Es cierto también lo que dice Tonucci en la entrevista: que a los padres nos ha dado en nuestra generación un ataque de sobreprotección a los niños que en Europa, no se corresponde con el peligro real. Pensamos que los niños no serán capaces de mirar antes de cruzar, o pararse en un semáforo, o que no serán capaces de decirle no al caramelo que les ofrece un extraño. Los niños lo perciben, porque cuando le digo a mi hijo "a tu edad ya hacía eso yo sola desde hacía tiempo", él me contesta que eran otros tiempos...
Fotografía de Andy Prokh
Hablando de caramelos de extraños, a mí me sucedió lo que temen los padres con sus hijas. Cuando tenía 5 años un pederasta me engañó cuando jugaba en la calle. Me salvó que una amiga del barrio que era mayor que yo, que viendo que era raro que me hubiera llevado un extraño, avisó a mi madre. Los gritos de mi madre me salvaron de que el abuso llegara a algo más que tocamientos.

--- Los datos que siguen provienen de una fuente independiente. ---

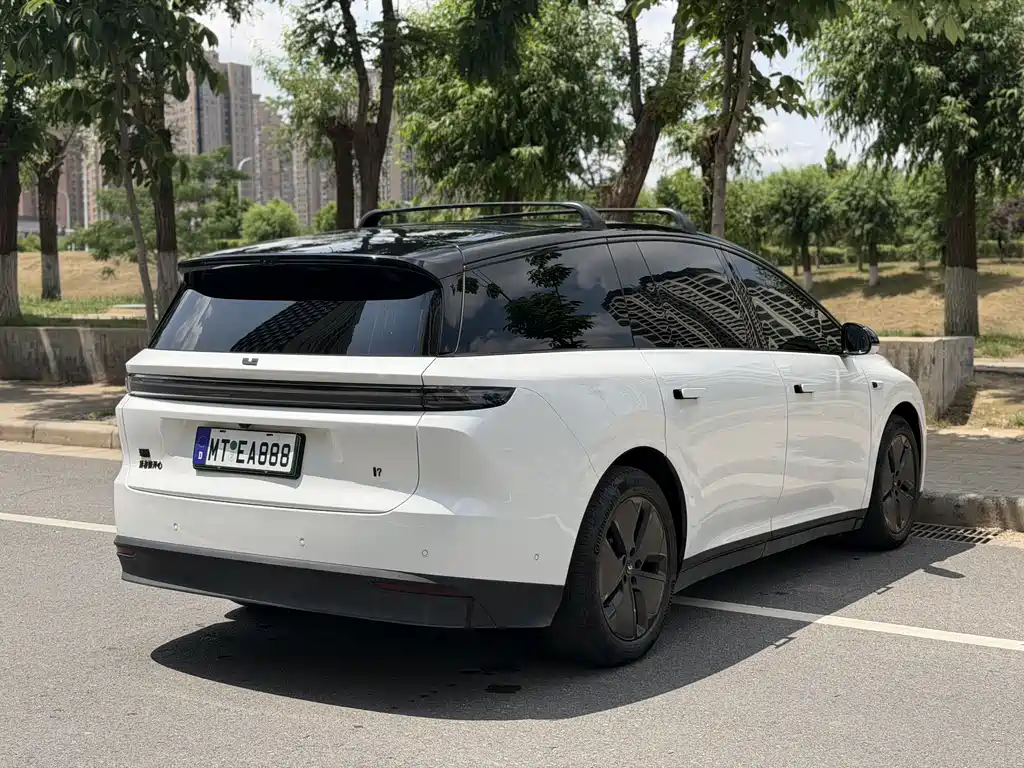 Li Auto i8 2025 Standard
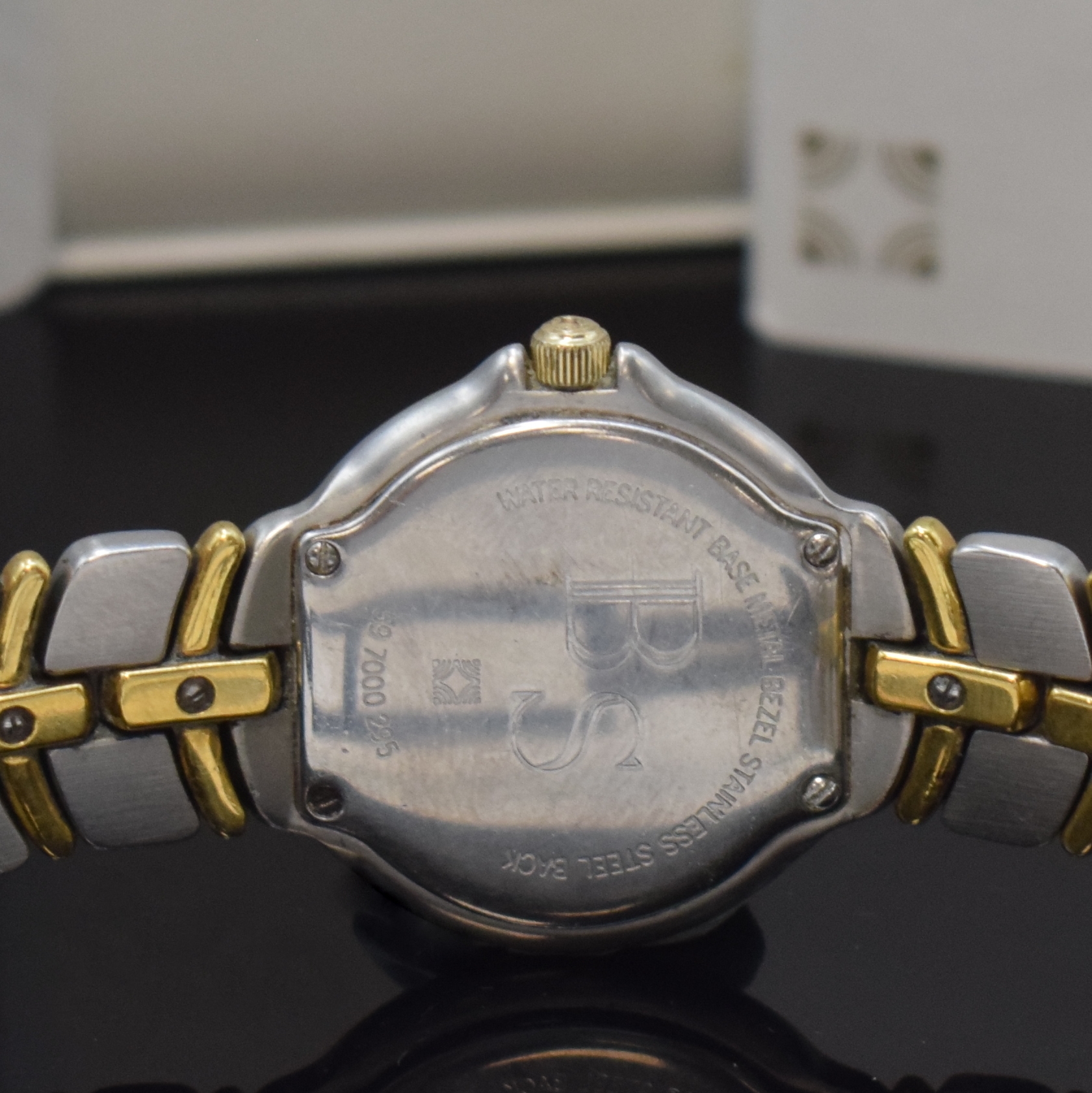 Detail d: ZENITH Damenarmbanduhr Acropolis Referenz 59.7000.295 in Stahl/Gold, Schweiz um 1995, quarz, Boden m. Monogramm 4-fach verschr., Gliederband m. dopp. ...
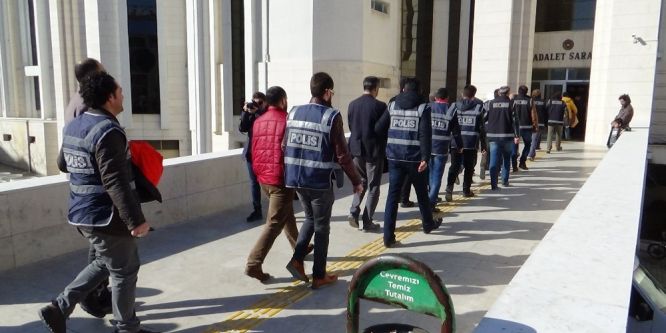 FETÖ üyesi 14 iş adamı adliyeye sevk edildi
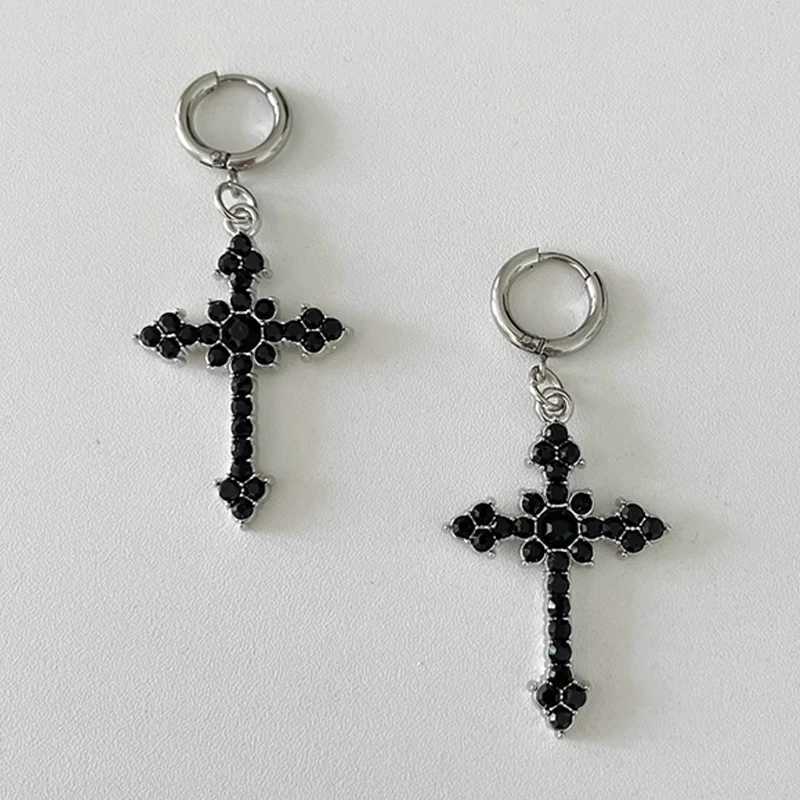 Charm Grunge Rock Jewelry Bling Crystal Cross Cross For Women Punk Charms Pendientes Hoop Accesorios Góticos Pendientes de moda coreana Y240423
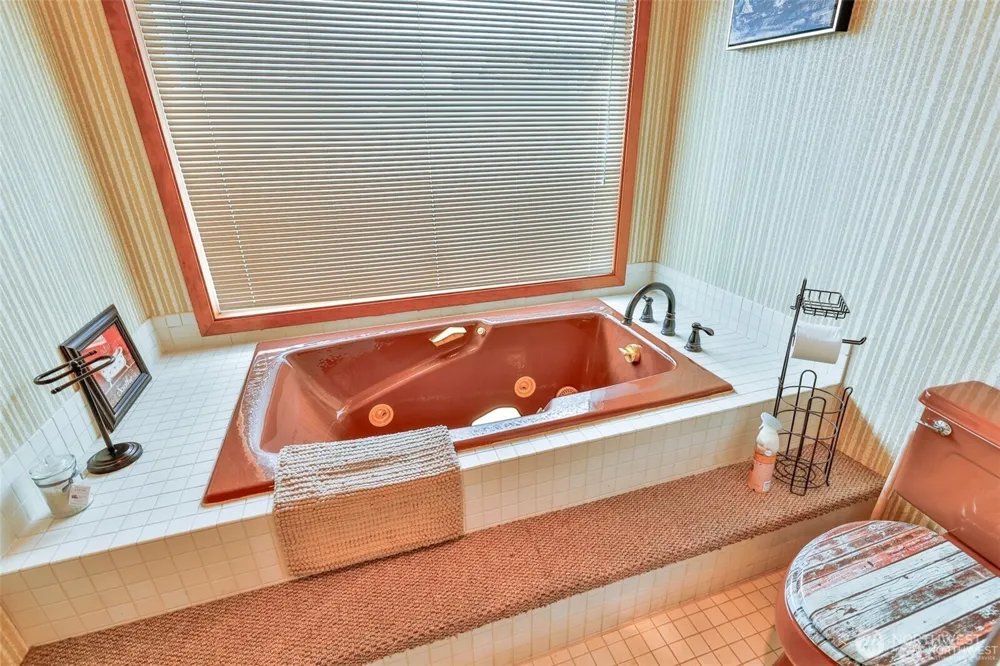 401 Wind Sand Lane W Grayland, WA 98547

 Pero lo peor pasó cuando tenía 14. Viajé un verano a Canadá a casa de mi tía, una hermana de mi madre que había emigrado a Montreal. Me llevaron de vacaciones a una playa de Estados Unidos y me iba a dar largos paseos con el marido de mi tía. Allí, y alejados de la gente y de los salvavidas, mi tío quiso abusar de mí. Eso sí que fue traumático, no por lo que intentó hacerme, sino por la traición de la confianza. Quizá un niño pueda soportar algunas cosas, pero lo verdaderamente traumático es que abusen aquellos en los que ha depositado su confianza. Hay que decir, no obstante, que el trauma se diluyó gracias a que afortunadamente tenía que volver a casa y Mallorca está muy lejos de Montreal...

A veces me he preguntado porqué yo, que sí que viví los peligros, no soy una madre sobreprotectora. Quizá porque aprendí con lo que me pasó, que hay personas de las que no puedes fiarte, pero que el mundo no se compone sólo de esas personas. Siempre puedes volver a casa, y tu madre te espera para consolarte. Y porque se pueden desarrollar recursos de autoprotección y de demanda de ayuda.

Por eso es que pienso que más que sobreproteger a los niños, deberíamos crear comunidades seguras donde los niños puedan desarrollar su autonomía sin la omnipresencia asfixiante de los padres.